Home
JAQForum Ver 24.01
Log In or Join  
Active Topics
Local Time 10:38 01 Aug 2025 Privacy Policy
Jump to

Notice. New forum software under development. It's going to miss a few functions and look a bit ugly for a while, but I'm working on it full time now as the old forum was too unstable. Couple days, all good. If you notice any issues, please contact me.

Forum Index : Microcontroller and PC projects : Improving MMEDIT crunch function

Author Message
skillet
Newbie

Joined: 13/07/2020
Location: Australia
Posts: 9
Posted: 10:02pm 29 Dec 2020
Copy link to clipboard 
Print this post

Hi all,

I've worked most of the covid period this year on the Silicon Chip DAB+ radio project from early 2019. Along the way, a mate joined me and we progressed together, found and solved a range of issues with the original SC software, and rewrote SC's mmbasic programme from scratch to support digital / optical output for DAB, and a bunch of other features.

As it goes, our mmbasic programme ended up significantly larger than the SC original and would only fit into the micromite plus after crunching.

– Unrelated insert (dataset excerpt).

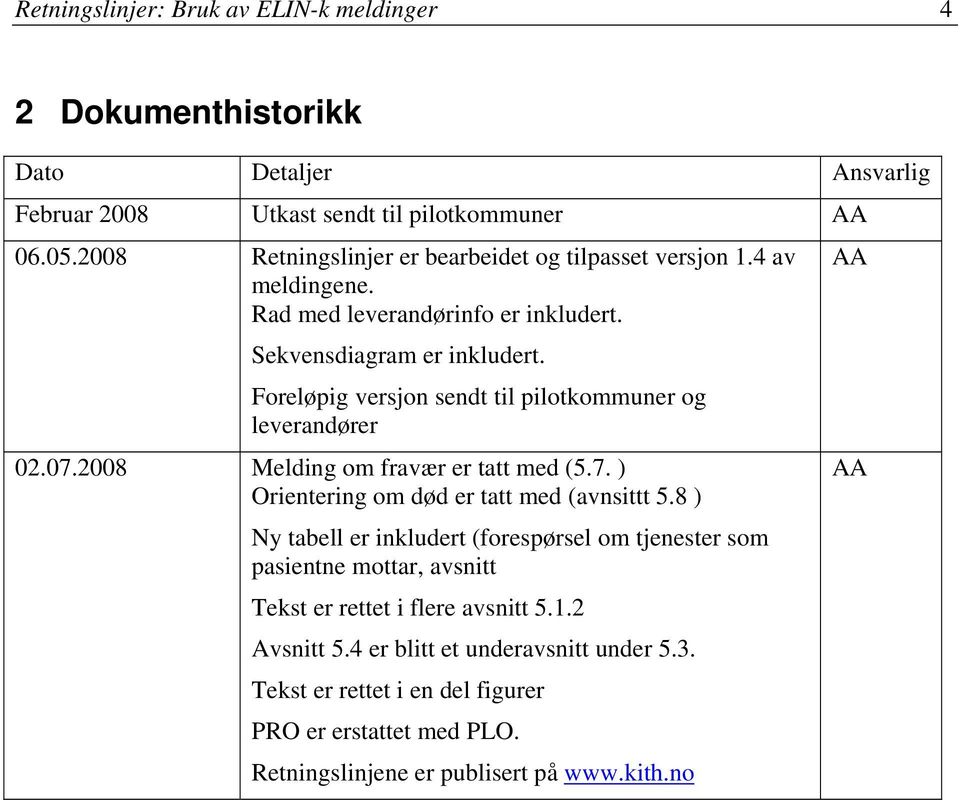 Foreløpig versjon sendt til pilotkommuner og leverandører 02.07.2008 Melding om fravær er tatt med (5.7. ) Orientering om død er tatt med (avnsittt 5.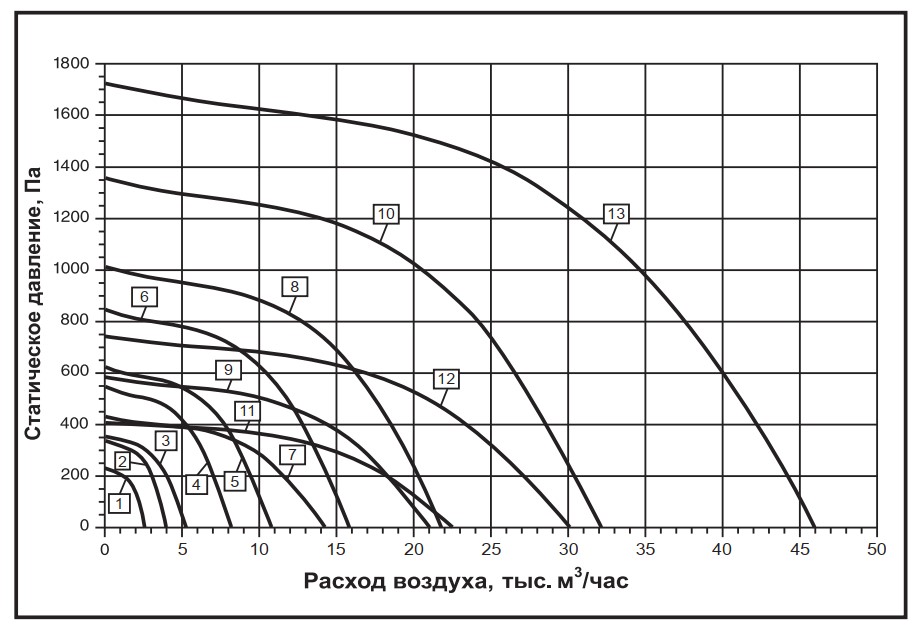 Аэродинамические характеристики вентилятора дымоудаления крышного ВКРН-А-ДУ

So far, so good - nothing to see here.

At some time late in our development process as the code grew larger, my friend complained that MMEDIT could no longer crunch the code and transfer to the micromite. Because I don't own any windows computers, I don't use MMEDIT myself, and have written my own linux/osx/bash crunch script and I transfer code directly to the micromite via the SDMMC card. My 'crunched' code fitted fine into the micromite plus and ran, but MMEDIT failed to transfer.

On closer inspection, we saw that the MMEDIT crunched version of the programme was larger than my bash scripted crunch by well more than 10%, and that this was the root cause. Hence, this post. The script below gives us a crunched size around 15% smaller than the MMEDIT crunched output, enough to allow our DAB radio code to fit and run fine.

As I don't have a windows machine as mentioned, I've not looked closely to see what aspect about my crunch script removes more gunk than the MMEDIT built in version, but clearly there's something. If you read and follow my script, you'll also see there are a few more opportunities to shave more spaces than its doing, so I expect an additional few percent is achievable.

Maybe the code gurus working on MMEDIT can take a look at MMEDIT and improve crunch a little. I suspect its relatively straightforward to get some real gains.


#!/bin/bash -noprofile
#
# This shell script will run under MacOS or Linux to crunch an MMBASIC programme
# (It assumes dosutils has been installed, which includes unix2dos)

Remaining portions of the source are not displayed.